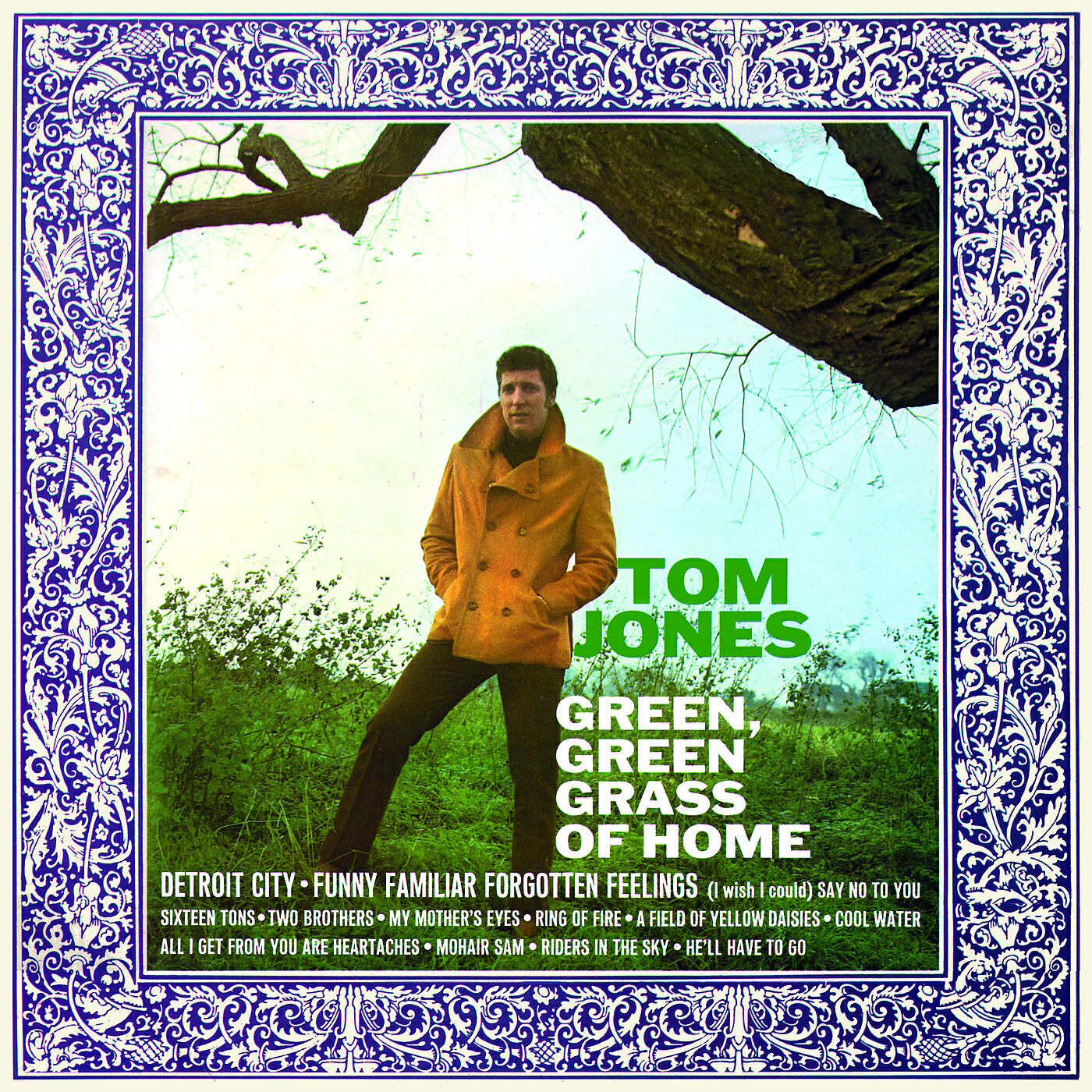 Постер альбома Green, Green Grass Of Home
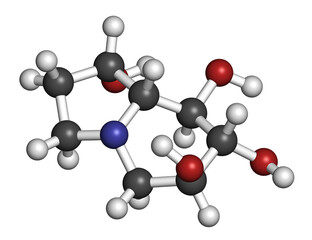 Obraz premium Castanospermine alkaloid molecule. Isolated from Castanospermum australe. 3D rendering. Atoms are represented as spheres with conventional color coding.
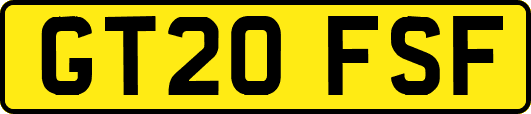GT20FSF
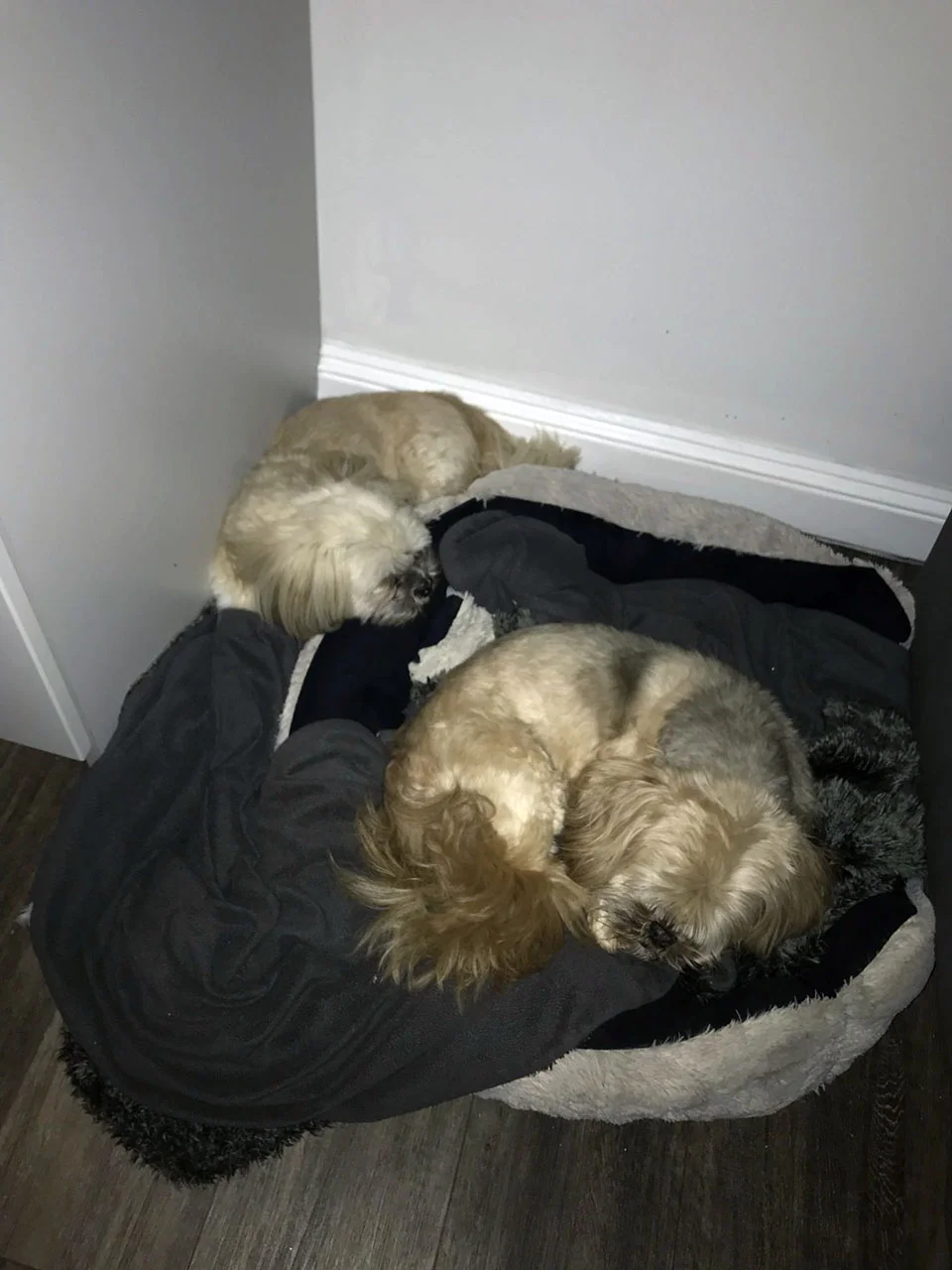 George y Harry durmiendo George y Harry durmiendo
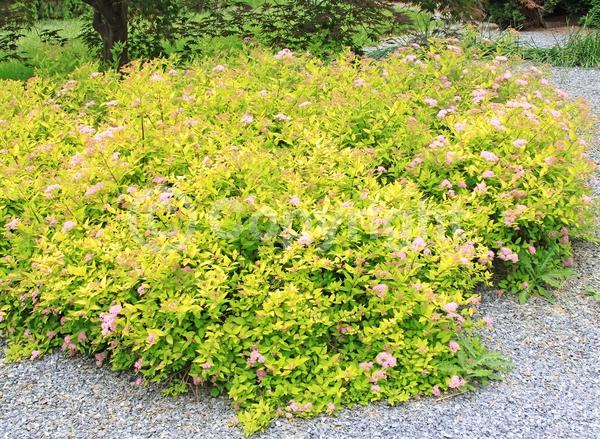 Pink blooms; Deciduous; Broadleaf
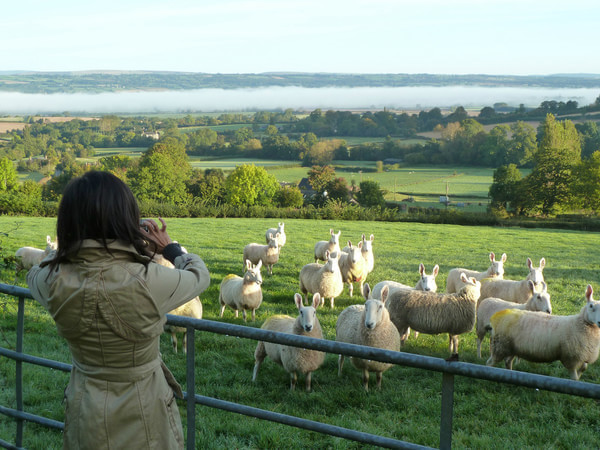 蓝卡游当地的风光www.52manga.com
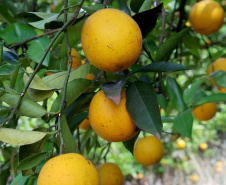 Fruticultura ganha força com apoio do Governo do Estado. Plantação de laranjas.. Foto:Jaelson Lucas / AEN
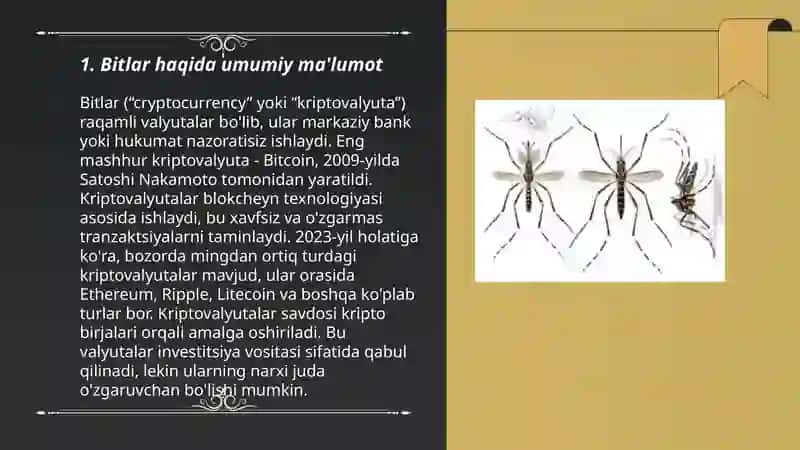 Bitlar haqida umumiy ma'lumot 3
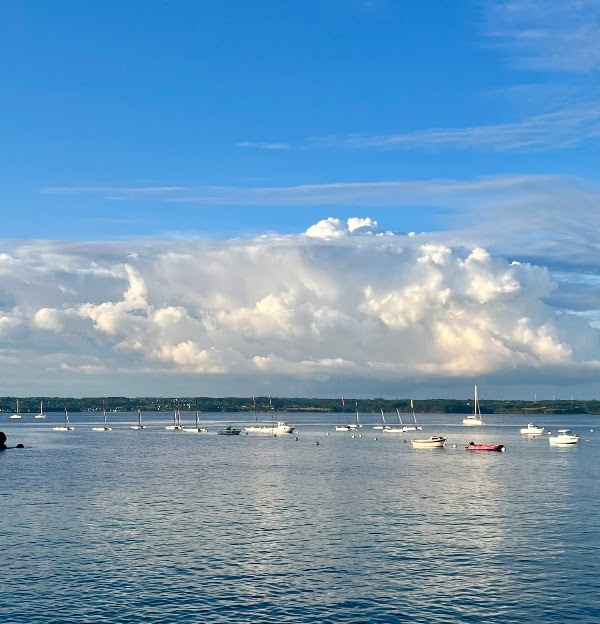 Plage des oiseaux 4
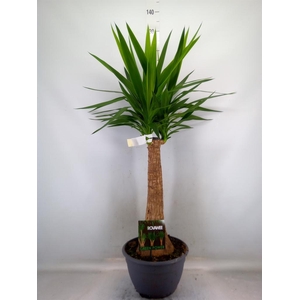 Yucca elephantipes   ...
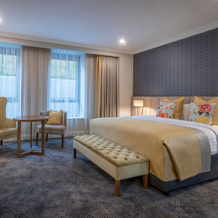 Castletroy Park Hotel Suites, Лимерик — фото 3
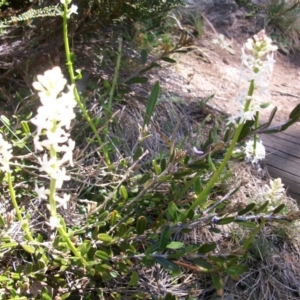 Stackhousia monogyna at Cotter River, ACT - 9 Nov 2014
=-=-=-=-=
→ **Problem details**:
Return exactly the lines of the data, beginning with the first and ending with the line containing "蓝卡游当地的风光www.52manga.com". Skip the pictures.

→ **Expected answer**:
 Постер альбома Green, Green Grass Of Home
 Obraz premium Castanospermine alkaloid molecule. Isolated from Castanospermum australe. 3D rendering. Atoms are represented as spheres with conventional color coding.
GT20FSF
 George y Harry durmiendo George y Harry durmiendo
 Pink blooms; Deciduous; Broadleaf
 蓝卡游当地的风光www.52manga.com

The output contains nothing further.